◆ **Data supplied**:
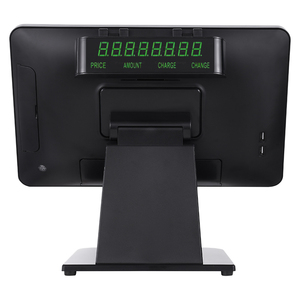 Hệ thống máy tính tiền điện tử màn hình cảm ứng Android 15,6 inch, hệ thống máy tính tiền POS màn hình cảm ứng để bàn, tiếng Trung - Product Image 2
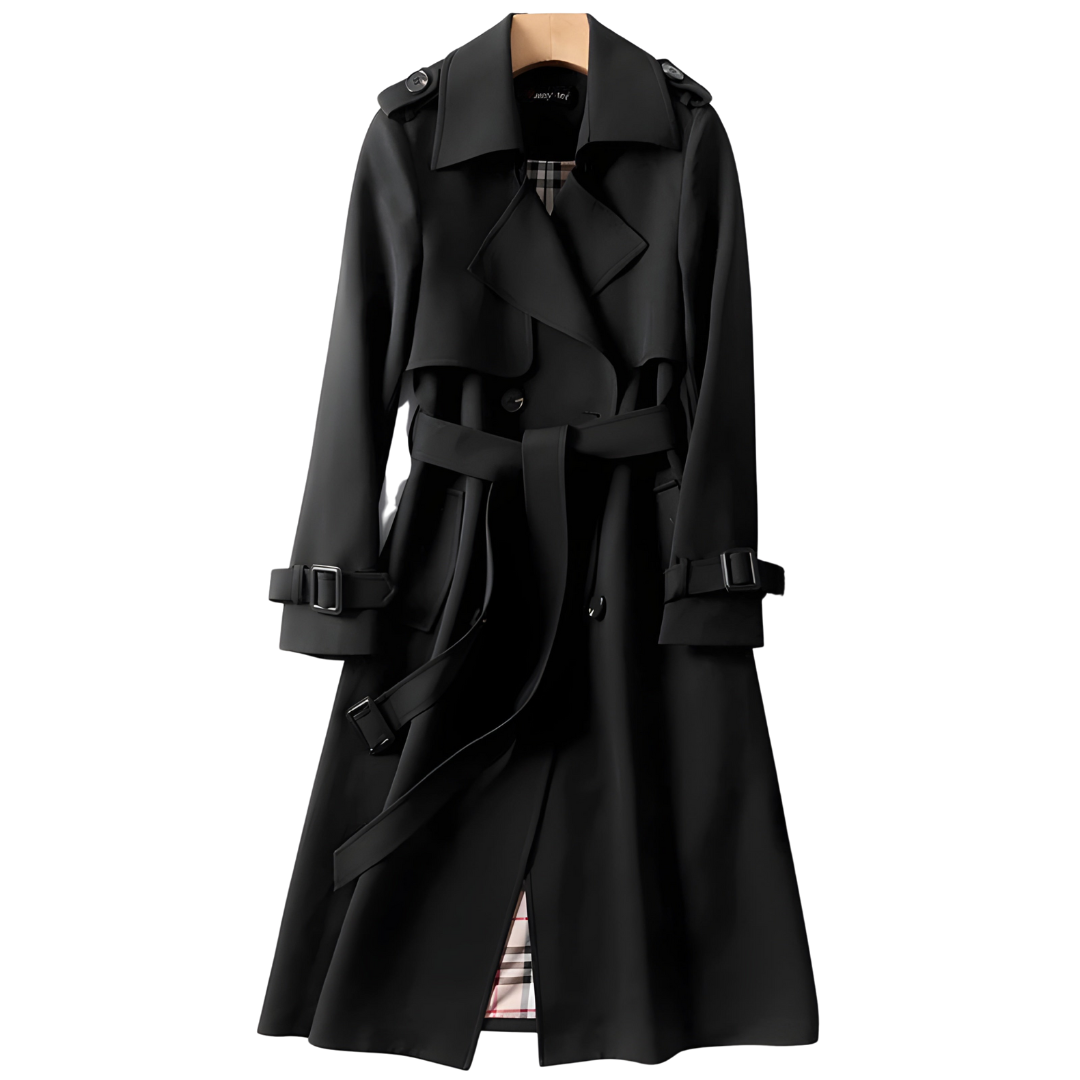 Vespara | Elegant Trench Coat with Timeless Style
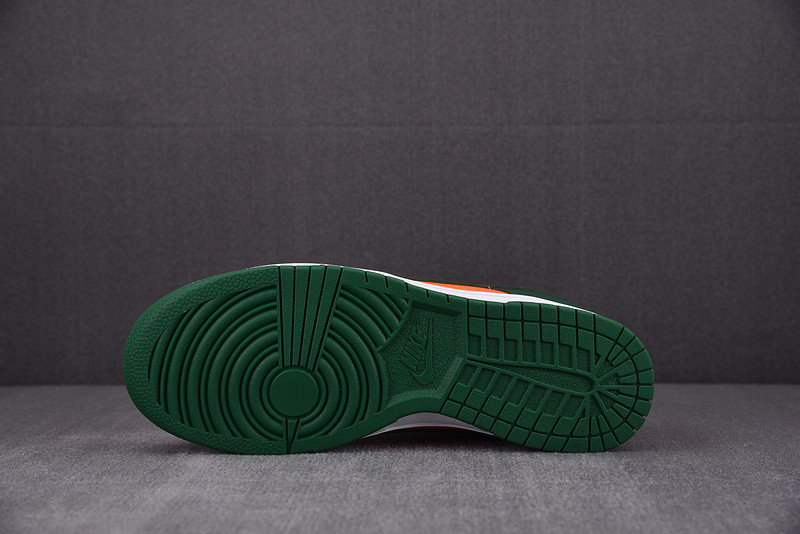 Nike Dunk Low “Miami Hurricanes” DD1391-300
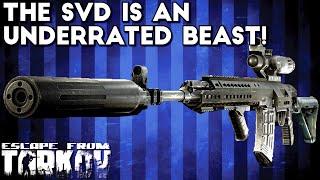 The SVD Is An Underrated Beast! | Build + Gameplay | Escape From Tarkov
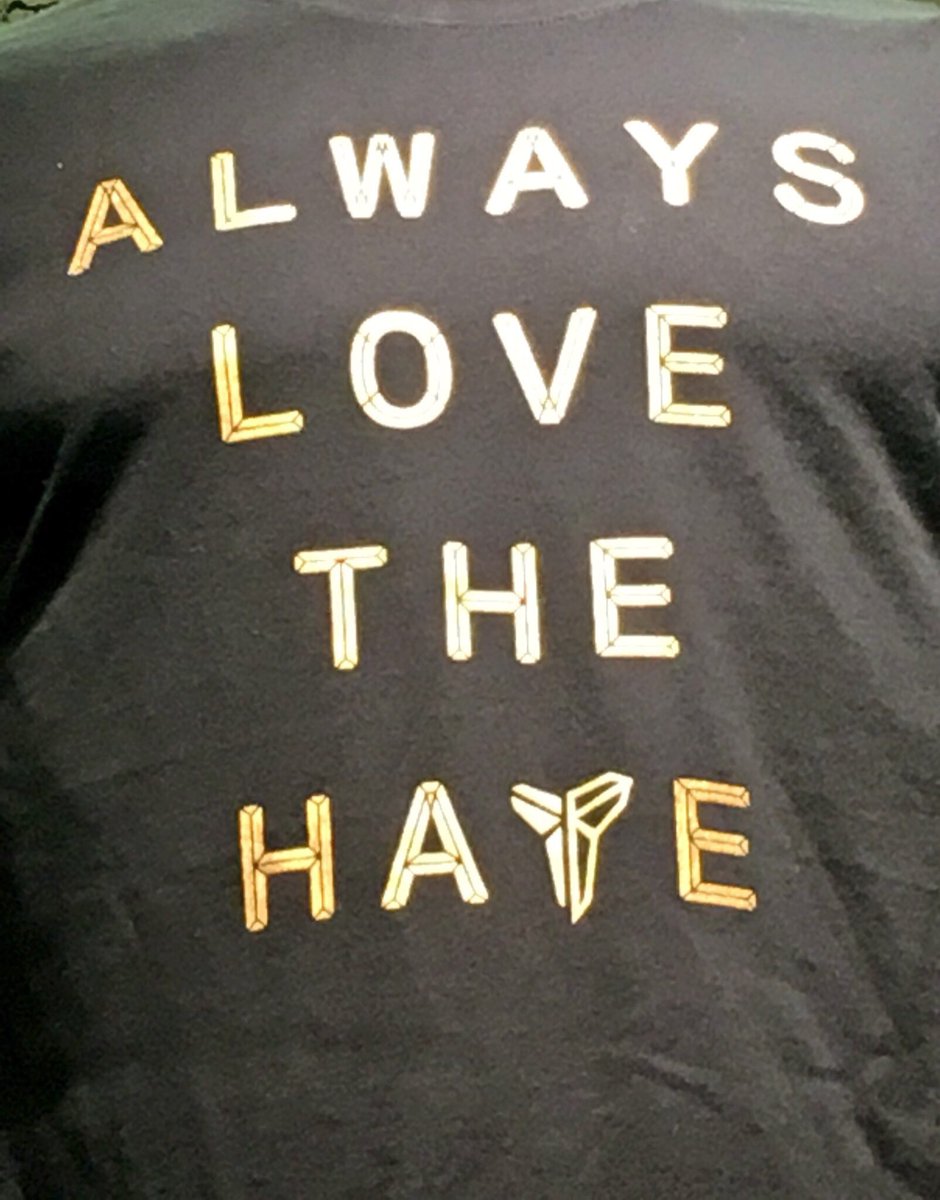 nike kobe love shirt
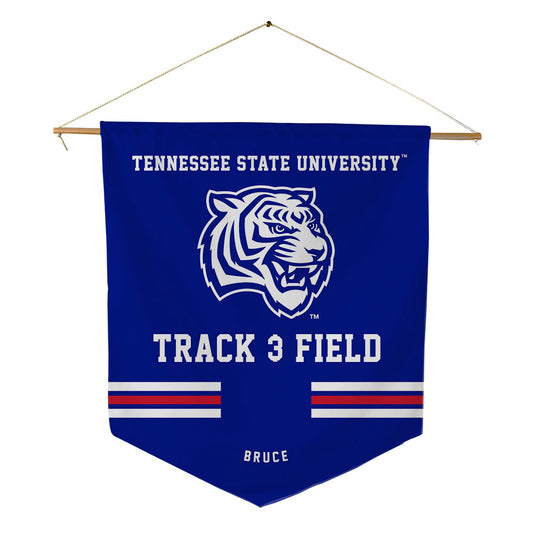 TN State - NCAA Men's Track & Field : Kai Bruce - Pennant - 18" x 21"-0
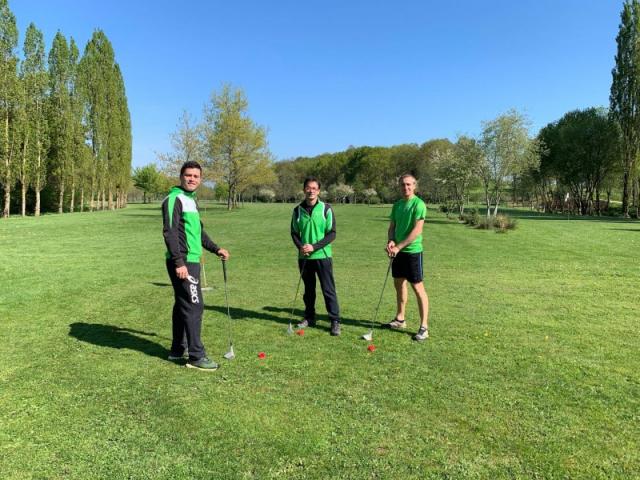 Mickaël, Vincent et Valentin - Parc De La Colmont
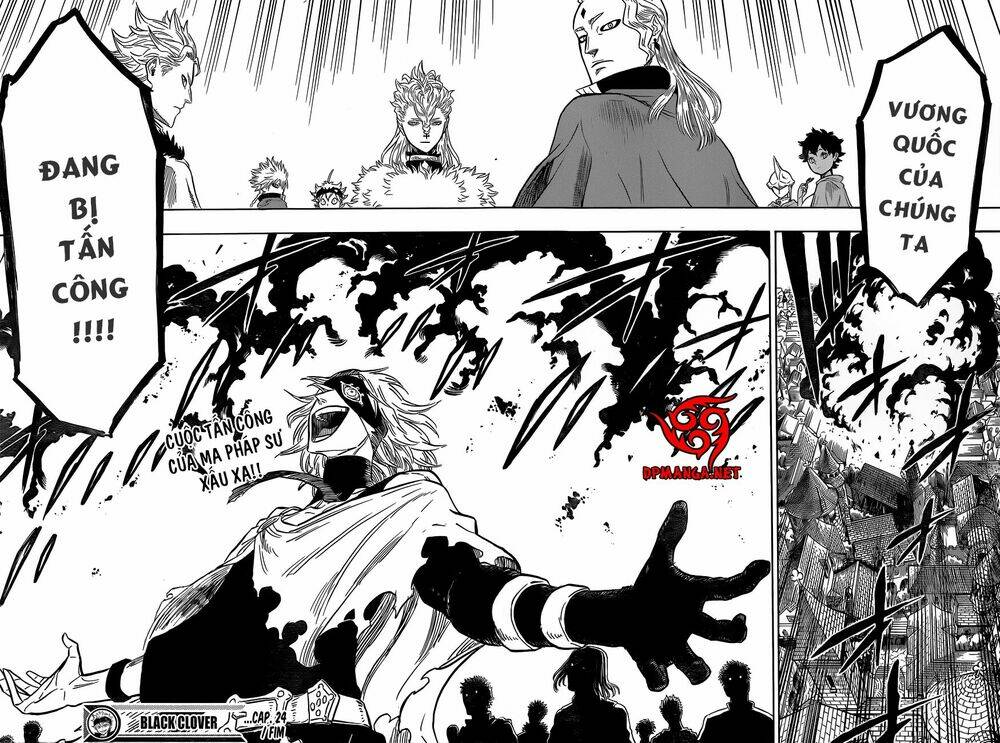 black clover - pháp sư không phép thuật chapter 24 21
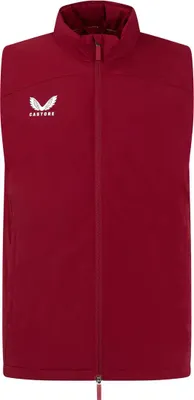 Productafbeelding van Castore - Heren - Gevoerde vest - Rood - Maat S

◆ **What to do**: Give back the records above exactly, with no pictures.

◆ **Completed task**:
 Hệ thống máy tính tiền điện tử màn hình cảm ứng Android 15,6 inch, hệ thống máy tính tiền POS màn hình cảm ứng để bàn, tiếng Trung - Product Image 2
 Vespara | Elegant Trench Coat with Timeless Style
 Nike Dunk Low “Miami Hurricanes” DD1391-300
 The SVD Is An Underrated Beast! | Build + Gameplay | Escape From Tarkov
 nike kobe love shirt
 TN State - NCAA Men's Track & Field : Kai Bruce - Pennant - 18" x 21"-0
 Mickaël, Vincent et Valentin - Parc De La Colmont
 black clover - pháp sư không phép thuật chapter 24 21
 Productafbeelding van Castore - Heren - Gevoerde vest - Rood - Maat S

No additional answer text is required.